Its `proof' of this was that "the argument of a product is the sum of the arguments." Taking Ahlfors viewpoint that the winding number not be defined with regards to the argument, I wanted to prove this result more generally using the definition: $$n(\gamma,w)=\frac{1}{2\pi i}\int_\gamma{\frac{dz}{z-w}}$$ where $\gamma$ is a piecewise continuously-differentiable curve not containing $w$ in its image.
I first proved it for when $w=0$, which is quite easy. See the end for this proof.
- Does this result actually hold true in the general case where $w$ is arbitrary?

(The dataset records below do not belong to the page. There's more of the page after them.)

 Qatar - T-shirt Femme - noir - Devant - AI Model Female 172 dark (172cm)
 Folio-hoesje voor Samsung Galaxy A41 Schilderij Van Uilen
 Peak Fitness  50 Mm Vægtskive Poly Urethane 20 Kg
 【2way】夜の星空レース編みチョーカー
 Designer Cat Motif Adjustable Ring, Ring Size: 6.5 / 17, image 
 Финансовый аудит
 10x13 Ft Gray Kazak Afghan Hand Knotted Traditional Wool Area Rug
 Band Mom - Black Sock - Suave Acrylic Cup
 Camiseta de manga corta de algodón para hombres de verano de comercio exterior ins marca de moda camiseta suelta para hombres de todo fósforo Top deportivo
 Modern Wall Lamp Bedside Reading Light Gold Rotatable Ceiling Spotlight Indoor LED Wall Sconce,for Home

That is:
For $\alpha,\beta$ piecewise continuously differentiable closed curves $\alpha,\beta:[a,b]\rightarrow \mathbb{C}$ and $w$ not in the images of either $\alpha,\beta$, we define $\gamma:[a,b]\rightarrow \mathbb{C}$ by $\gamma(t)=\alpha(t)\beta(t)$. Then $$n(\gamma,w)=n(\alpha,w)+n(\beta,w).$$
- Is there a way to reduce it to the case where $w=0$?
Proof for $w=0$: Given $\alpha, \beta:[a,b]\rightarrow \mathbb{C}$ with 0 not in their images and piecewise continuously-differentiable, I define a curve $\gamma$ defined by $\gamma(t)=\alpha(t)\beta(t)$ for $t\in [a,b]$. Now, since this is product of piecewise continuously-differentiable closed, $\gamma$ is also piecewise continuously-differentiable closed, with derivative $\alpha'\beta+\alpha\beta'$.

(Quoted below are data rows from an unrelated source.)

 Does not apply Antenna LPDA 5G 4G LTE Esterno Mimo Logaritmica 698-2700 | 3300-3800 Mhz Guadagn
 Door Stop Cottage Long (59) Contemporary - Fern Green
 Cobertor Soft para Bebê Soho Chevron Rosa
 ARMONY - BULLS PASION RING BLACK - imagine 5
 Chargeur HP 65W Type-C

Now, $n(\gamma,0)$ is defined since if there exists a $t\in [a,b]$ such that $\gamma(t)=0$, then $0=\alpha(t)\beta(t)$, and it follows that 0 is an element of the image of at least one of $\alpha,\beta$, contrary to assumption.

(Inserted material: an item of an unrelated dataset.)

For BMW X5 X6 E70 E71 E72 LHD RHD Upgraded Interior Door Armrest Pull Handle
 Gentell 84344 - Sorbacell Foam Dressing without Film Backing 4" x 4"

Next, we compute the following: $$\int_\gamma{\frac{dz}{z}}=\int_a^b{\frac{\gamma'}{\gamma}dt}=\int_a^b{\frac{\alpha'\beta+\alpha\beta'}{\alpha\beta}dt}=\int_a^b{\frac{\alpha'}{\alpha}dt}+\int_a^b{\frac{\beta'}{\beta}dt}$$ from which it follows that $$n(\gamma,0)=n(\alpha,0)+n(\beta,0)$$ by dividing by $2\pi i$.
Now, my hope was to reduce the general case when $w$ is arbitrary to the above case when $w=0$. The 'obvious' approach is to translate everything by $-w$, moving $w$ to the origin and $\alpha(t),\beta(t)$ to $\alpha(t)-w,\beta(t)-w$. However, this clearly does not preserve products, since then $(\alpha-w)(\beta-w)=\alpha\beta-w(\alpha+\beta)+w^2$, which is clearly not $\alpha\beta-w$. Moreover, $(\alpha-w)(\beta-w)$ has derivative equal to $\alpha'\beta+\alpha\beta'-w(\alpha'+\beta')$, and at least it doesn't seem to me that it is true that $$\int_a^b{\frac{\alpha'\beta+\alpha\beta'-w(\alpha'+beta')}{\alpha\beta-w(\alpha+\beta)+w^2}dt}=\int_a^b{\frac{\alpha'\beta +\alpha\beta'}{\alpha\beta-w}dt}$$
No. The fact that we use multiplication makes $0$ a special element of the space. For a counterexample, take $\alpha(t)=2e^{it}$, $\beta(t)=3e^{it}$ and $w=5$. Then $\gamma(t) = 6e^{2it}$, hence $n(\gamma, w)=2$. But $n(\alpha,w)=n(\beta,w)=0$.